(Short web captions)
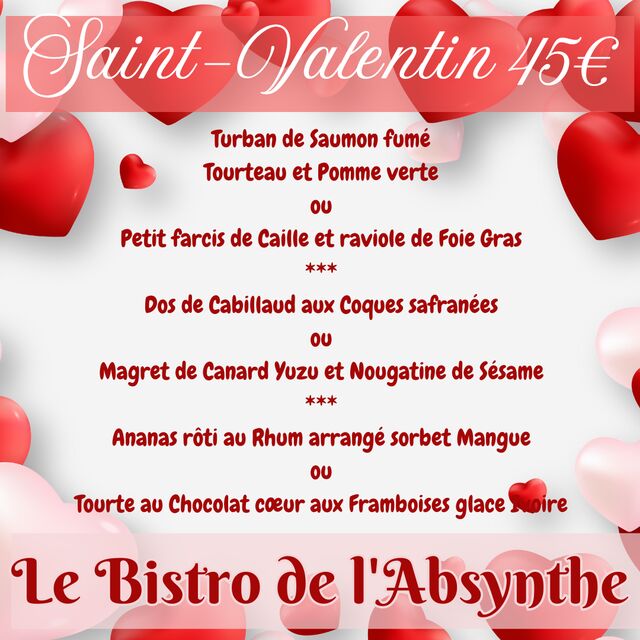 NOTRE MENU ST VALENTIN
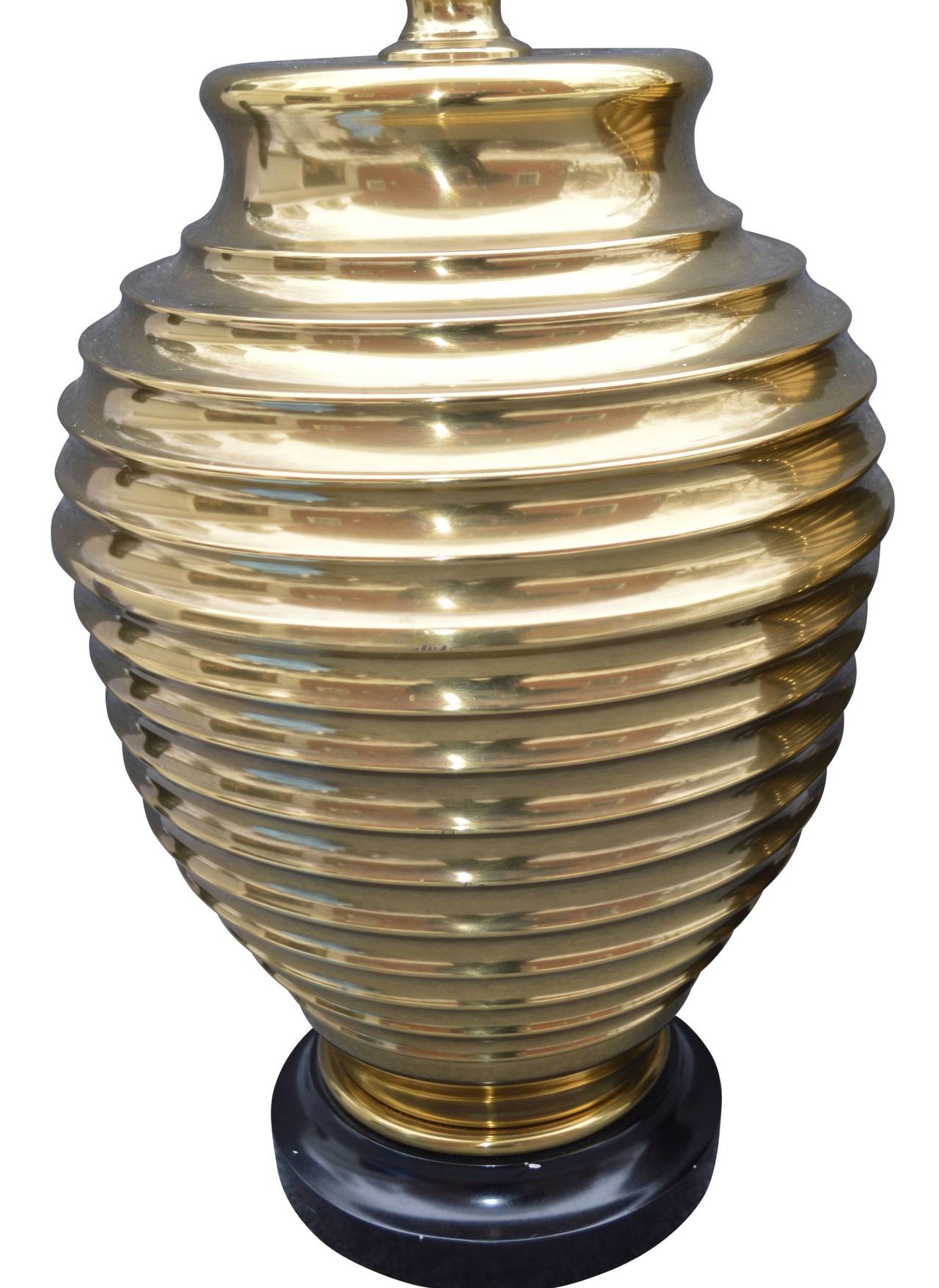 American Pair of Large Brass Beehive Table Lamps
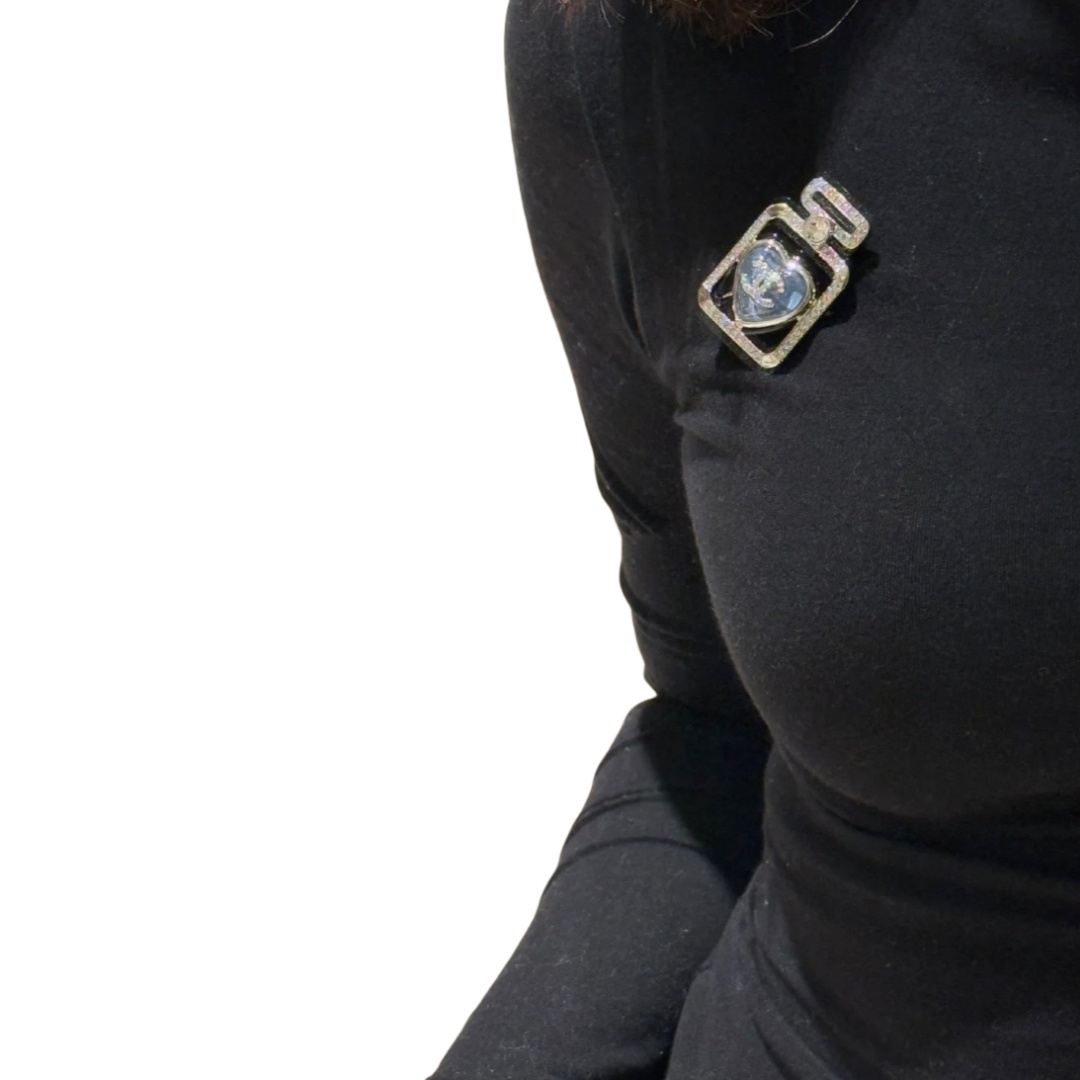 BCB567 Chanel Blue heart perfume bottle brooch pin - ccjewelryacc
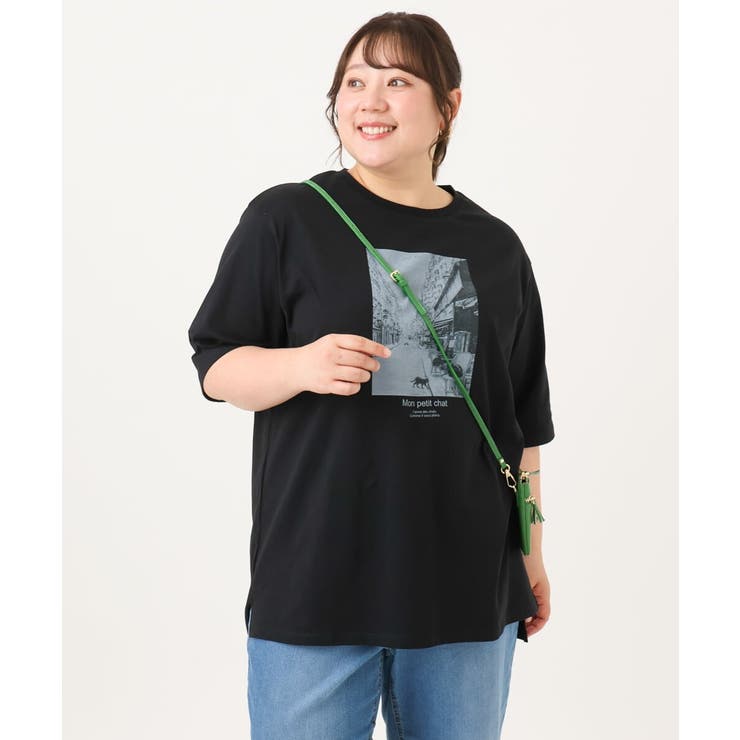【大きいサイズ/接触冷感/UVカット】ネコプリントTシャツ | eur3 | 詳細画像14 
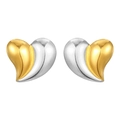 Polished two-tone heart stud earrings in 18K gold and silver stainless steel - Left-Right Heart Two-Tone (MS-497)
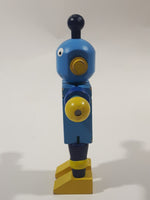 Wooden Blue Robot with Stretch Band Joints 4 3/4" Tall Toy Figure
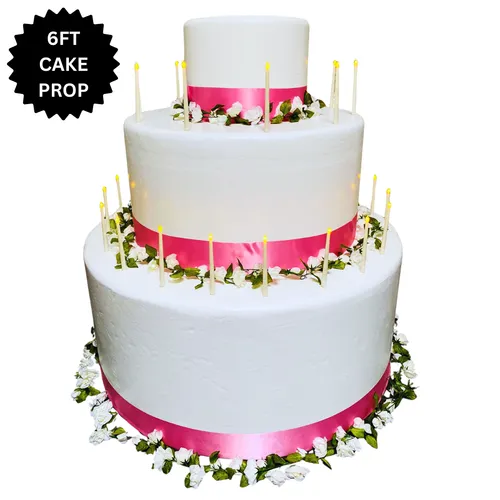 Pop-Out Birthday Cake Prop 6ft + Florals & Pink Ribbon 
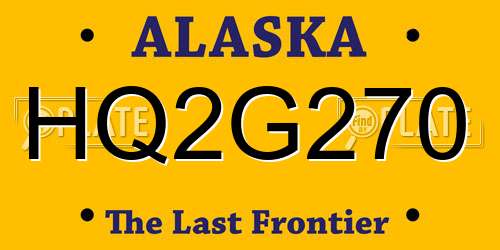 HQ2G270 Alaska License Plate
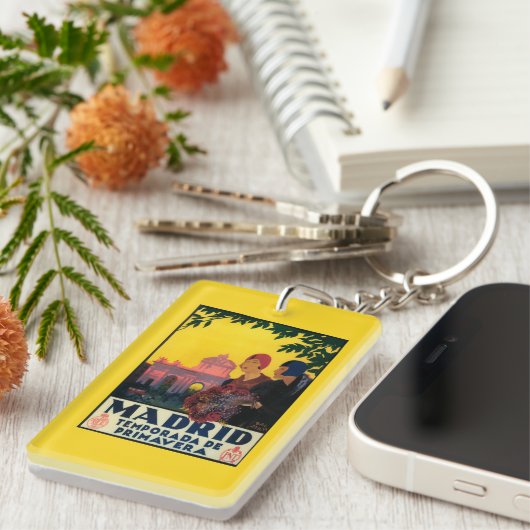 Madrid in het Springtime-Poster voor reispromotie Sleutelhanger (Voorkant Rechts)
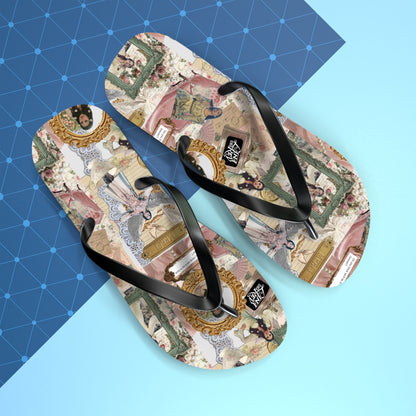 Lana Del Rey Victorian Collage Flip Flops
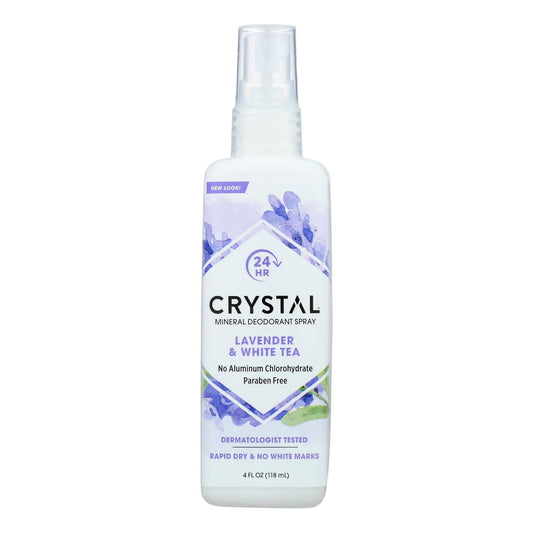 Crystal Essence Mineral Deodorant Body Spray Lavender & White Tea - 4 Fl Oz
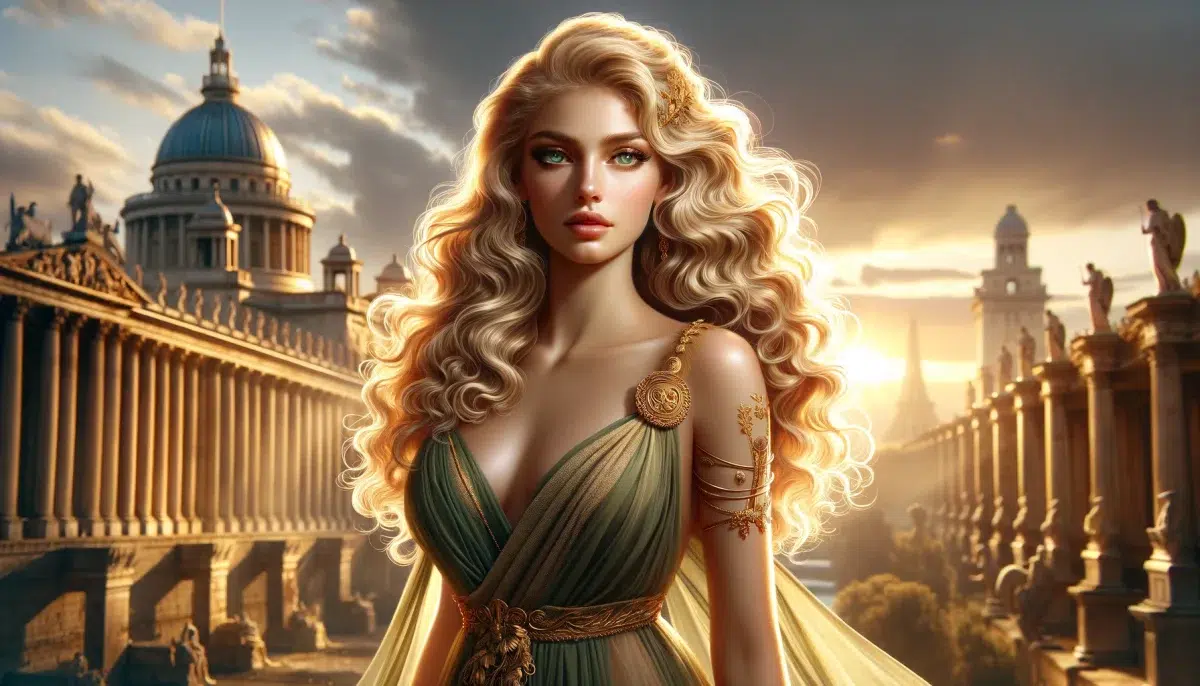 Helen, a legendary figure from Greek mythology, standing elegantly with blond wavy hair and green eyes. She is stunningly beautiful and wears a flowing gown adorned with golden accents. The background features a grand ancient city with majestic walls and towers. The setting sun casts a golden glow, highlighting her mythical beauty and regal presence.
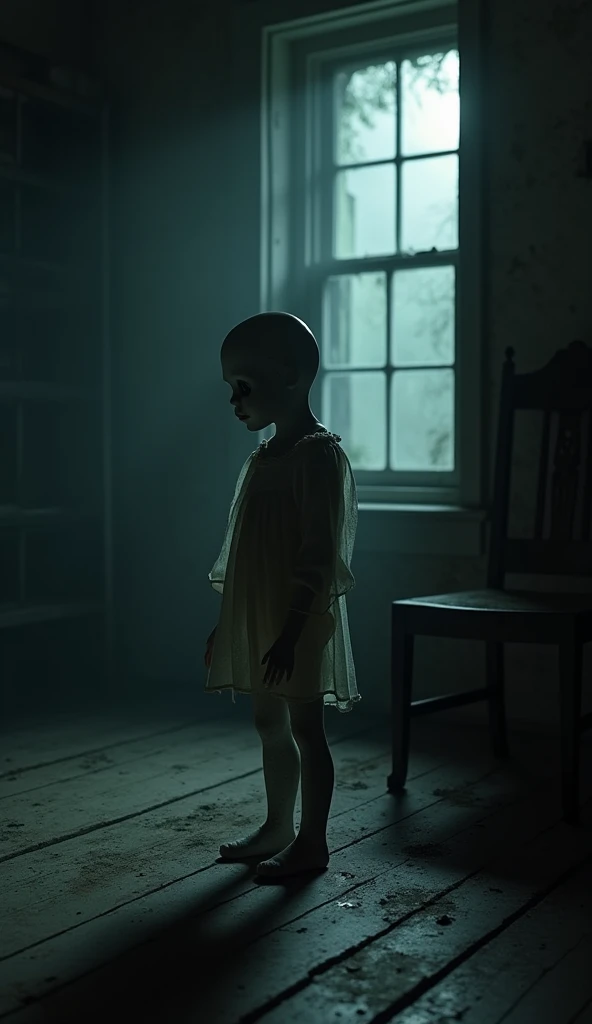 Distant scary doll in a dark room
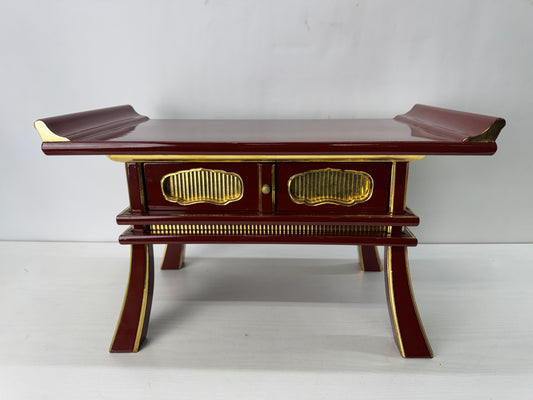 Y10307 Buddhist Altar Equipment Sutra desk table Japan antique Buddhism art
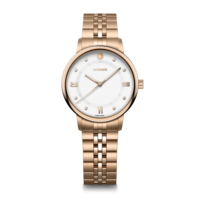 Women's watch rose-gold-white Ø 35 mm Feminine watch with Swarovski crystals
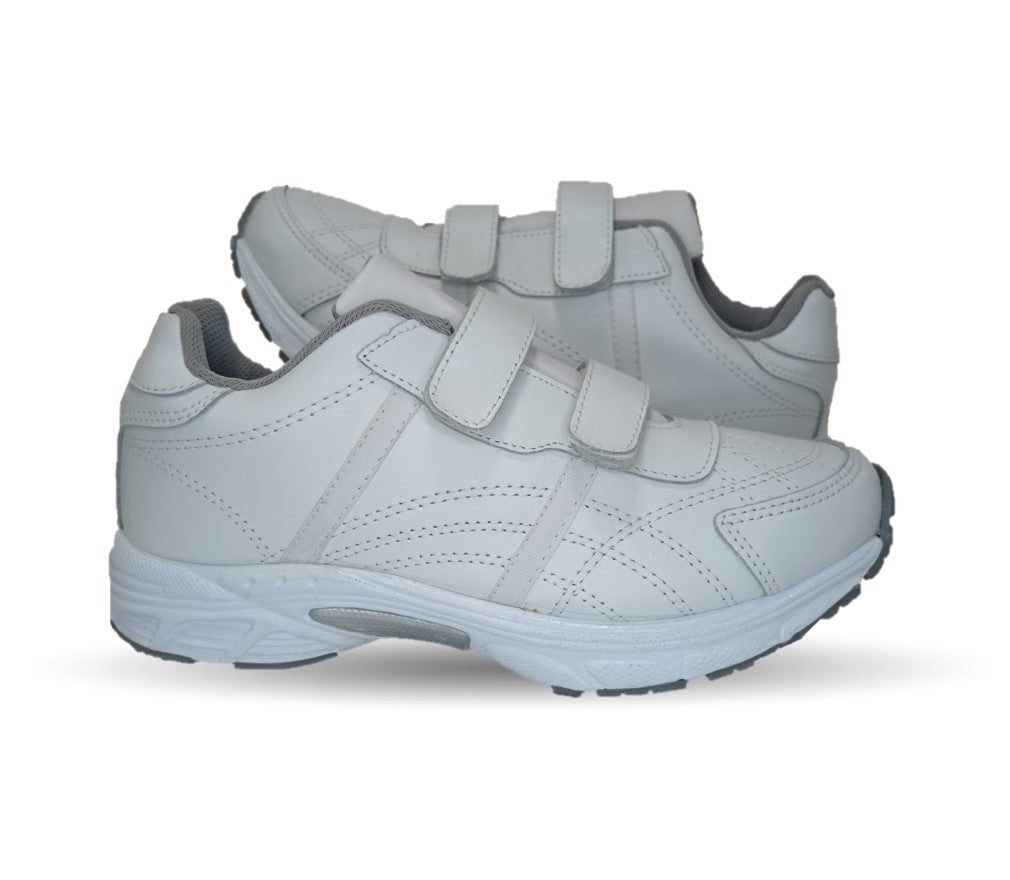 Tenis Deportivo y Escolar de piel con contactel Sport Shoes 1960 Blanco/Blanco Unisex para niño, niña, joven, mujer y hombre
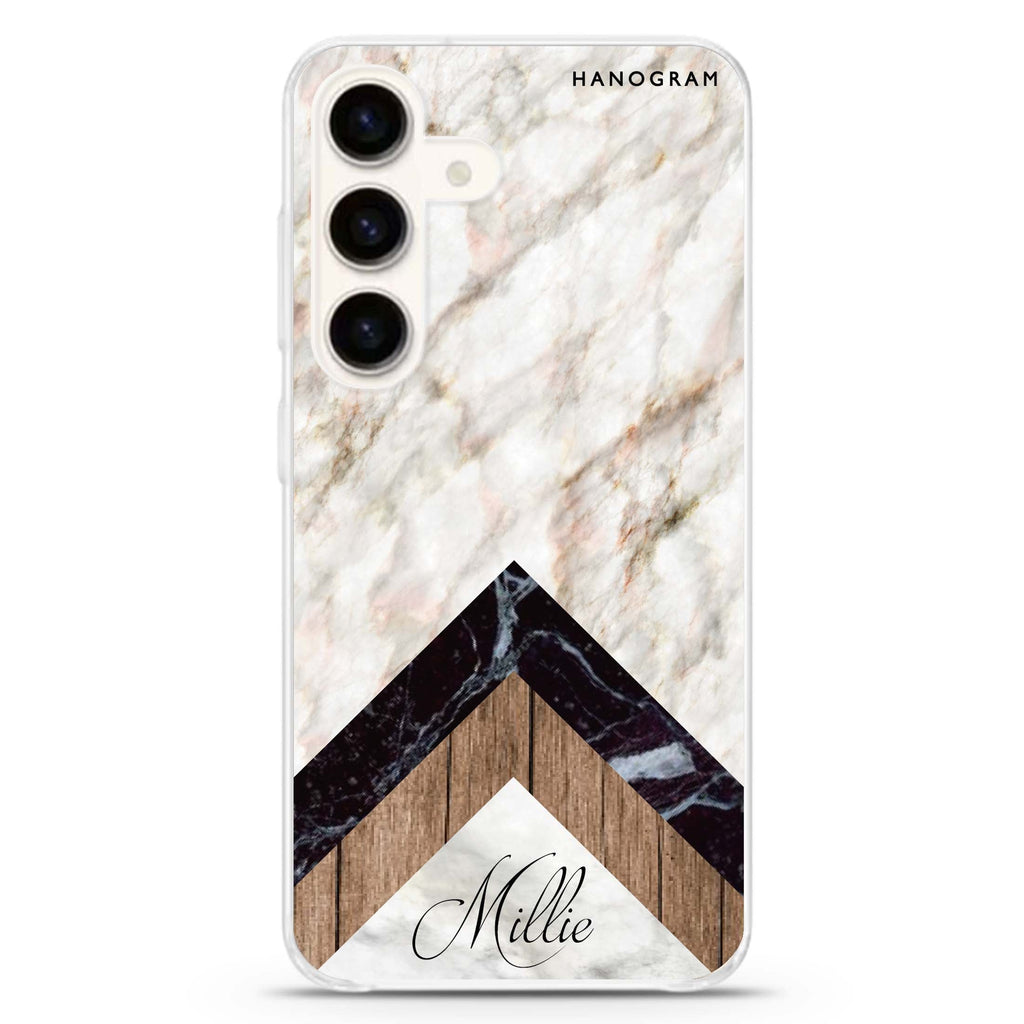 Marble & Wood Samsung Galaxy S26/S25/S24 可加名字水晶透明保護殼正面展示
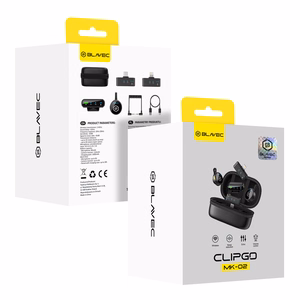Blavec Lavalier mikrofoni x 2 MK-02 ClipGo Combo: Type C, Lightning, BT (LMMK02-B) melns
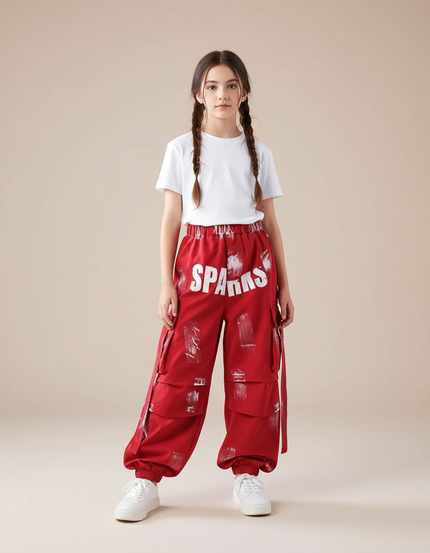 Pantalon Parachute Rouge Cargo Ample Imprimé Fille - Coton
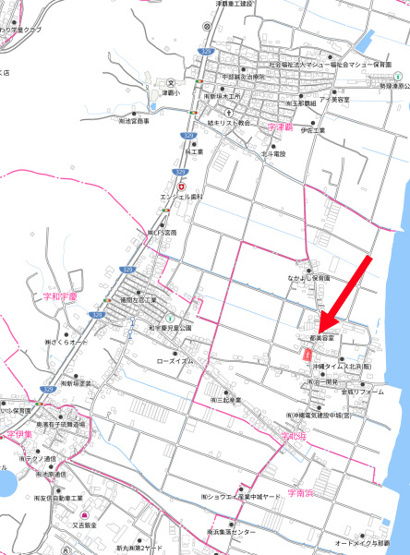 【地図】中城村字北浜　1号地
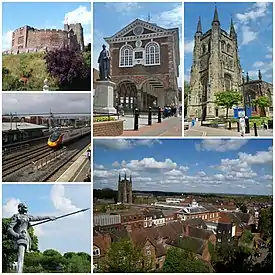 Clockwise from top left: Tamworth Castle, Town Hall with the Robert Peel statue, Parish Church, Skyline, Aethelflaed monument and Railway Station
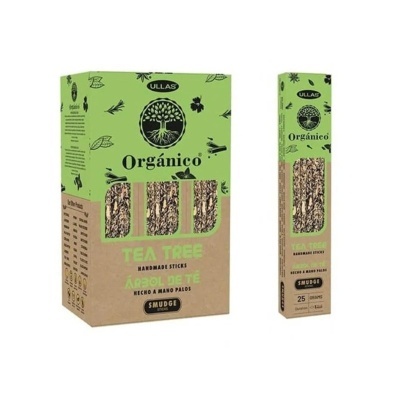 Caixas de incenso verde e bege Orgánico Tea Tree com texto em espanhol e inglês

[Assignment]
The copy you return must match the records above exactly, minus any images.

[Exercise response]
 NOTRE MENU ST VALENTIN
 American Pair of Large Brass Beehive Table Lamps
 BCB567 Chanel Blue heart perfume bottle brooch pin - ccjewelryacc
【大きいサイズ/接触冷感/UVカット】ネコプリントTシャツ | eur3 | 詳細画像14 
 Polished two-tone heart stud earrings in 18K gold and silver stainless steel - Left-Right Heart Two-Tone (MS-497)
 Wooden Blue Robot with Stretch Band Joints 4 3/4" Tall Toy Figure
 Pop-Out Birthday Cake Prop 6ft + Florals & Pink Ribbon 
 HQ2G270 Alaska License Plate
 Madrid in het Springtime-Poster voor reispromotie Sleutelhanger (Voorkant Rechts)
 Lana Del Rey Victorian Collage Flip Flops
 Crystal Essence Mineral Deodorant Body Spray Lavender & White Tea - 4 Fl Oz
 Helen, a legendary figure from Greek mythology, standing elegantly with blond wavy hair and green eyes. She is stunningly beautiful and wears a flowing gown adorned with golden accents. The background features a grand ancient city with majestic walls and towers. The setting sun casts a golden glow, highlighting her mythical beauty and regal presence.
 Distant scary doll in a dark room
 Y10307 Buddhist Altar Equipment Sutra desk table Japan antique Buddhism art
 Women's watch rose-gold-white Ø 35 mm Feminine watch with Swarovski crystals
 Tenis Deportivo y Escolar de piel con contactel Sport Shoes 1960 Blanco/Blanco Unisex para niño, niña, joven, mujer y hombre
 Marble & Wood Samsung Galaxy S26/S25/S24 可加名字水晶透明保護殼正面展示
Blavec Lavalier mikrofoni x 2 MK-02 ClipGo Combo: Type C, Lightning, BT (LMMK02-B) melns
 Pantalon Parachute Rouge Cargo Ample Imprimé Fille - Coton
 【地図】中城村字北浜　1号地
 Clockwise from top left: Tamworth Castle, Town Hall with the Robert Peel statue, Parish Church, Skyline, Aethelflaed monument and Railway Station
 Caixas de incenso verde e bege Orgánico Tea Tree com texto em espanhol e inglês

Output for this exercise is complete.